Roberto Baggio. Dit le boudeur. Tout ce qu'il a fait de bien depuis le dernier Mondial, c'est se couper cette natte ridicule qu'il se tressait dans le cou. Baggio, toujours écrasé par la pression. Baggio l'introverti, le discret, le raffiné, un de ces Italiens qui donnerait son âme au diable pour ne plus être italien, mais comme le diable n'est pas assez loin de l'Italie, vous savez ce qu'il a fait, Baggio ? Il a donné son âme à Bouddha. Bouddhiste, oui. Et végétarien. Sa maman, qui fait le meilleur osso bucco de toute l'Émilie, est en train d'en mourir de chagrin. Hier à l'entraînement, Baggio portait le monde sur le dos.

De Pagliuca, le gardien de Milan, qui n'aime que les photographes de toute façon, je ne dirai rien : cette fois, c'est moi qui ai honte d'avoir le même passeport qu'un bellâtre tiré du bazar de la commedia dell'arte. Hier à l'entraînement, il a encore fait le hot-dog, pour l'exclusif amusement des photographes.

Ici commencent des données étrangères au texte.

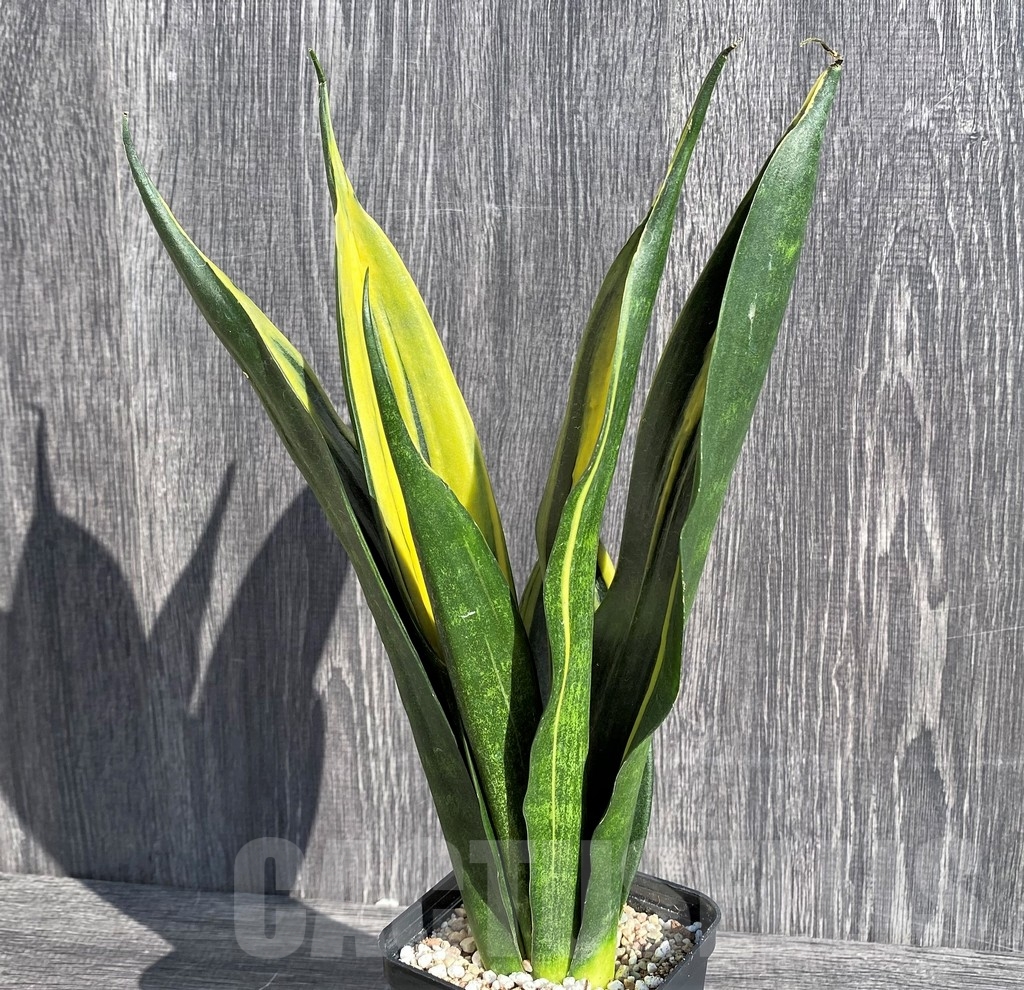 SHPR20984 Sansevieria 'Gold Flame' - Image 2
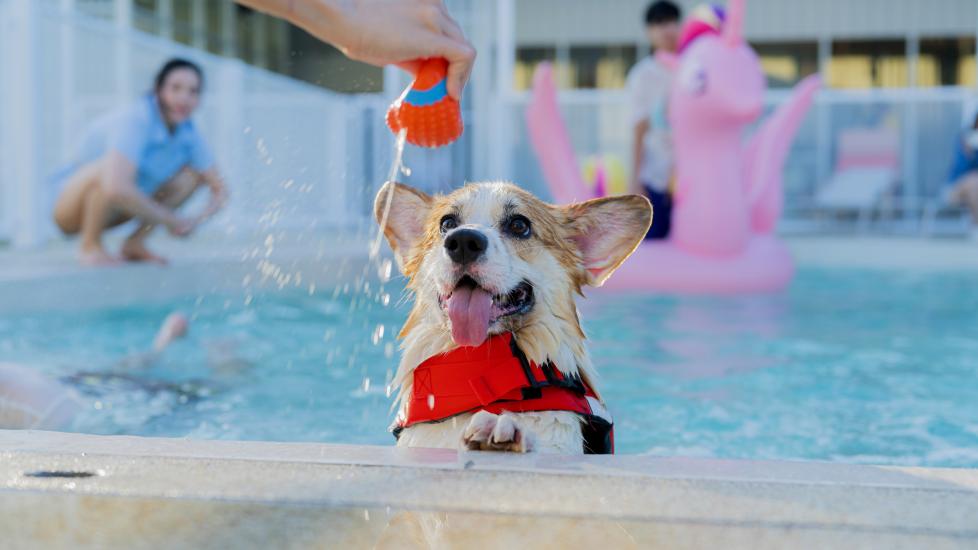My dog drank pool water now what; cute corgi waits for ball to be thrown during dog pool time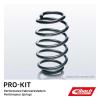 Eibach E10-25-001-05-22 Performance Pro-Kit Springs view 3
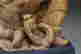 item-120397050=3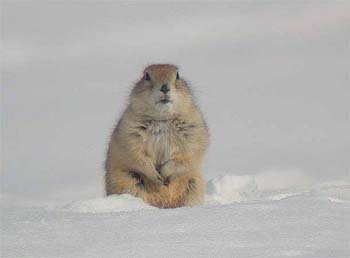 Richardson's ground squirrel (Strathcona, Alberta 15.3.03)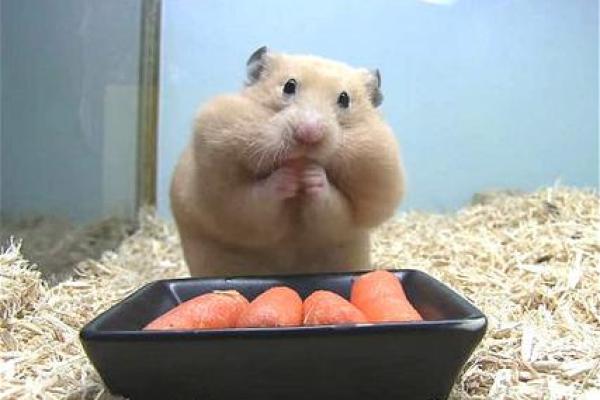 家里养仓鼠对风水好吗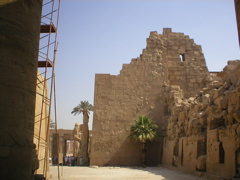 P1010114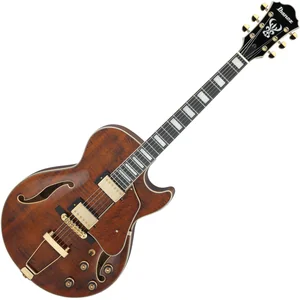 Ibanez AG95MG-DA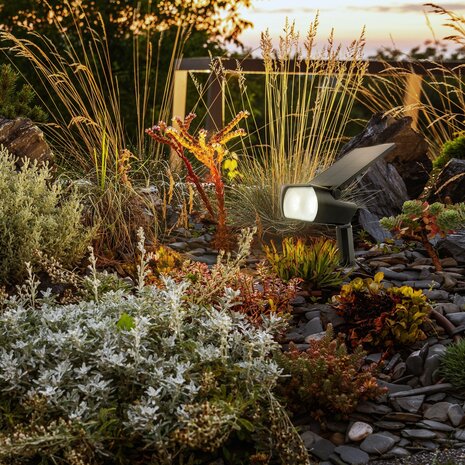 Spectrum LED Solar jordspot Oculus - CCT - IP65 - Inkl. Fjernbetjening Spectrum LED Solar jordspot Oculus - CCT - IP65 - Inkl. Fjernbetjening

Reste ce Christian Vieri, frustre marqueur de buts, cinq jusqu'ici, qui faisait titrer à L'Équipe ce matin au-dessus de sa photo : " Pas de panique ", mais en si gros qu'on comprenait que les Français ont peur de lui. Il a une bonne tête, Vieri. Élevé en Australie, de mère française, sans doute un gentil garçon, mais c'est pas lui, c'est pas les joueurs italiens un par un, c'est le football qu'ils jouent ensemble...

Je n'ai jamais compris comment l'Italie, pays généreux et bordélique, voire chaotique, souvent au bord du gouffre, le pays de l'inventivité, de la débrouille, pouvait jouer un football aussi... aussi... je ne trouve pas de mot assez rikiki pour qualifier ce football de traîne-misère. Je ne comprends pas comment les petits-enfants de Michel-Ange, avec leur sens inné du beau, ont pu produire un football aussi laid.

Le football italien a les deux pieds dans le triangle industriel Bologne-Milan-Turin. On n'est pas là pour rêver, dit Agnelli le patron de la Fiat et de la Juventus de Turin, on est là pour produire et pour gagner.

C'est cette culture de la victoire que n'ont pas les Français.

Et c'est justement pour ça que les Français vont gagner aujourd'hui.

Parce qu'il faut bien, nom de dieu, que le rêve gagne de temps en temps. En fait si, je comprends. Et c'est là que je voulais en venir. Le football italien ne se nourrit pas de culture, mais d'économie et de réalisme. On n'est pas là pour rêver.